Cardiac transthyretin (ATTR) amyloidosis is an infiltrative cardiomyopathy with an inexorably progressive clinical course and poor prognosis. The disease is caused by misfolding of the liver-derived precursor protein transthyretin as a result of an acquired wild-type variant (ATTRwt) or as a hereditary mutant variant (ATTRm). Application of single-photon emission computed tomography (SPECT) provides greater anatomic resolution, enabling the assessment of amyloid burden within individual left ventricle segments.This study aims to describe the pattern of regional myocardial distribution of 3,3-diphosphono-1,2-propanedicarboxylic acid (DPD) SPECT uptake among patients with ATTRwt and ATTRm. It will investigate the clinical, biochemical and echocardiographic, including left ventricle longitudinal strain profile in ATTRwt and ATTRm. Moreover, we will evaluate the presence and extent of DPD cardiac uptake among asymptomatic ATTRm variants carriers.This is a prospective multi-center observational study. The study, after obtaining prior written informed consent, will include consecutive patients who have Grade 1-3 cardiac DPD retention in scintigraphy. In addition, first-degree relatives of patients with ATTRm are going to be enrolled. Patients are going to undergo TTR gene sequencing to assess the presence of pathogenic variants associated with ATTRm. Both planar scintigraphy, SPECT and speckle-tracking echocardiography will be reviewed and interpreted using visual and quantitative approaches.
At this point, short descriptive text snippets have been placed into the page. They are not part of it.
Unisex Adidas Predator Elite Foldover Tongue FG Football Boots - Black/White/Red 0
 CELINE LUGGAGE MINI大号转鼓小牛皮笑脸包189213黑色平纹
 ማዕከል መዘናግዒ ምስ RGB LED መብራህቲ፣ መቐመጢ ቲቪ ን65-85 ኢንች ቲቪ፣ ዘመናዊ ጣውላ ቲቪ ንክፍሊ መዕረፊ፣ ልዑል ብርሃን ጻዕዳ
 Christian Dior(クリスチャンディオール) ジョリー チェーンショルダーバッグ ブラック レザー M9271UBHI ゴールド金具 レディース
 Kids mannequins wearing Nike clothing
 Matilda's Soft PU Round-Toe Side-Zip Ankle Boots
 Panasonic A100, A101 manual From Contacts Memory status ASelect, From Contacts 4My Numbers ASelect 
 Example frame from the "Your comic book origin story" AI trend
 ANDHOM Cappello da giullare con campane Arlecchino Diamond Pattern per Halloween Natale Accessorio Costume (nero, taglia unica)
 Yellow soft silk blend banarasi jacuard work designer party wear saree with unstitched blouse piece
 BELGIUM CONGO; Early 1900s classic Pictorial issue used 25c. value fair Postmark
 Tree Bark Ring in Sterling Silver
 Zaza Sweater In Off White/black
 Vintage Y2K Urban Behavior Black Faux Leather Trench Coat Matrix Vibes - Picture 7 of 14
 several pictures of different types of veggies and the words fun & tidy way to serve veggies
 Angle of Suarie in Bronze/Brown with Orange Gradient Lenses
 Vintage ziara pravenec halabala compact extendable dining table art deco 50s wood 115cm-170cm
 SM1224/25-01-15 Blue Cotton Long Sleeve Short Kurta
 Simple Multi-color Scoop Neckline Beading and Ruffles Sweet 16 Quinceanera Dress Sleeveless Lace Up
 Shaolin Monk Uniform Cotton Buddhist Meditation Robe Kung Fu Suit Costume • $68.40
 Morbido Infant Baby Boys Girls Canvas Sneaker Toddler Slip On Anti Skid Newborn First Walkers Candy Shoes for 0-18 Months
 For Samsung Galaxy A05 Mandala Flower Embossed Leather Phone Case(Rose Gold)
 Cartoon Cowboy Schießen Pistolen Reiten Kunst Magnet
NCT ID: NCT05697861 Recruiting - Clinical trials for Transthyretin-Related (ATTR) Familial Amyloid Polyneuropathy

Long-Term Follow-Up (LTFU) of Subjects Dosed With NTLA-2001

Start date: July 10, 2023
Phase:
Study type: Observational

This is a follow-up study of subjects who received NTLA-2001 in a previous clinical trial as an observational evaluation of the long-term effects of the investigational therapy.

NCT ID: NCT05577819 Recruiting - Heart Failure Clinical Trials

Prevalence and Prediction of ATTR in Ambulatory Patients With HFpEF

TTRinHFpEF
Start date: October 2, 2020
Phase: N/A
Study type: Interventional

Recent studies have shown that transthyretin amyloidosis (ATTR) can sometimes cause a type of heart failure where the pumping function of the heart is normal, also known as Heart Failure with Preserved Ejection Fraction (HFpEF) or diastolic heart failure. In this single center diagnostic study, we will evaluate for ATTR in patients with HFpEF in order to to determine how frequently this occurs and how we can predict which heart failure patients may have TTR amyloidosis. Our goal is to identify amyloidosis in heart failure patients earlier so that they can start treatment.